Rotation: the part no one prepares for
Certificates expire. The IoT-Core-issued ones default to 30 years, which is meant to make the rotation problem go away. It does not, because:
- The CA cert (yours or AWS's) rotates. When it does, every device needs to trust the new one.
- A device gets resold. The cert tied to the previous owner needs to be revoked and a new one issued, ideally without the buyer needing to do anything.
- A device gets reflashed. The new firmware version is signed differently; the cert chain needs to follow.
We're an early-enough fleet that we haven't forced a rotation yet. We've designed for it: the firmware supports two trust anchors (current + next) for any given role, and the device-side code knows how to receive a new cert over a secured channel (IoT Jobs) and switch to it on next boot.
What I've learned reading other teams' postmortems: the worst-case is a partial rotation. Half the fleet gets the new cert, half doesn't, and the half that doesn't is offline for a week because the rotation script crashed. The mitigation is staged rollouts (10% canary, then 50%, then everything) and explicit human confirmation gates between stages.
Revocation: the test of whether you actually have identity
Here's the question I ask any team claiming to have device-identity figured out: if I tell you a specific device has been compromised, how long until it can no longer connect?
If the answer is "a couple of days, we have to update the deny list," they don't have device identity. They have hope.
The right answer is minutes, and the mechanism is one of:
- A short-lived cert + frequent rotation, so revocation is "stop signing new certs for that device." Operationally heavy.
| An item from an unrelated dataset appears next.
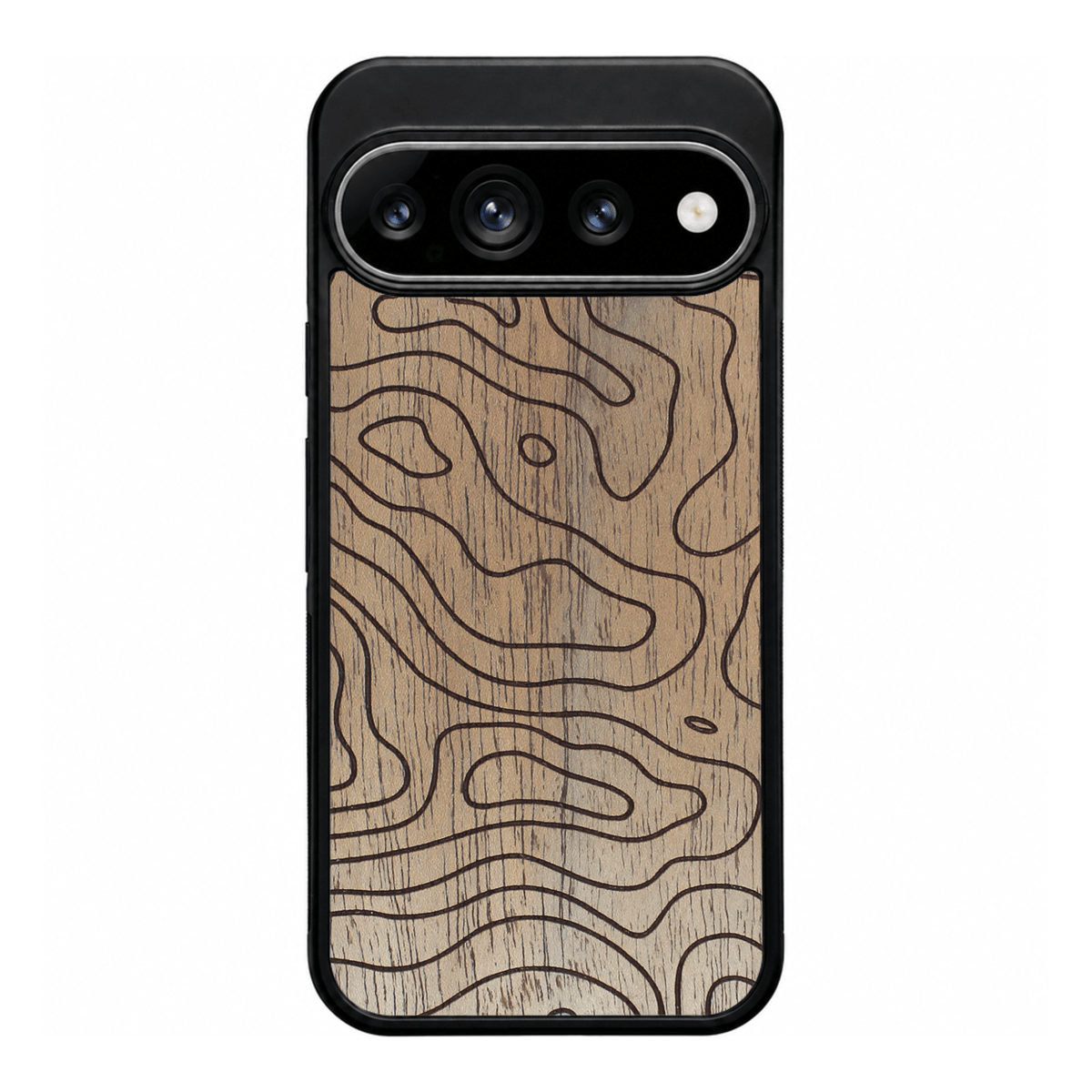 Topographic Map - Pixel 11 Pro XL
- A revocation list (CRL or OCSP-style) that IoT Core checks at connect time. AWS IoT Core supports updating device policies in real time, which is the closest thing to fast revocation in the AWS-managed flow — flip the policy to deny:* for the affected device, and within the next connection attempt (often immediate) the device can't talk.
We use the second. Our incident-response runbook has a one-button "revoke device" tool that flips the policy in IoT Core; the device-side state machine handles "got disconnected, can't reconnect, light the LED and stop publishing" appropriately.
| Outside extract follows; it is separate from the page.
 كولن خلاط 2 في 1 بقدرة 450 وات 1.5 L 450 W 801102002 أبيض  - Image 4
Where Device Defender fits
AWS IoT Device Defender is the managed service for detecting the situations where you'd want to revoke. It runs behavioral analytics on the fleet — "this device suddenly started publishing to topics it never has before" — and integrates with Security Hub for alerting. We turned it on six months ago; it has caught one real issue (a misconfigured firmware build that was talking to debug topics in production) and a handful of false positives that taught us how to tune it.
It's the cheapest piece of fleet security tooling AWS offers. If you have devices in the field and you haven't turned it on, do that this week. (Detection and response is its own post — this is just where it plugs into the fleet-identity loop.)
The bigger framing
A connected product without a story for cert rotation and revocation isn't a connected product. It's a brick farm waiting to happen.
The decision that's mattered most: picking the secure element in v1, even though it cost us BOM. Every other identity decision is recoverable in software. The secure element is the one decision you can't fix without a board respin.
If you're starting a connected product today, spec the secure element in v1. Pick JITR for provisioning. Design the firmware for two-trust-anchor rotation. Test revocation end-to-end before you ship the first hundred devices. The whole thing is six weeks of work in v1 and twelve months of regret in v2.
Six months from now I'll have actually run a fleet-wide rotation. I'll write a follow-up.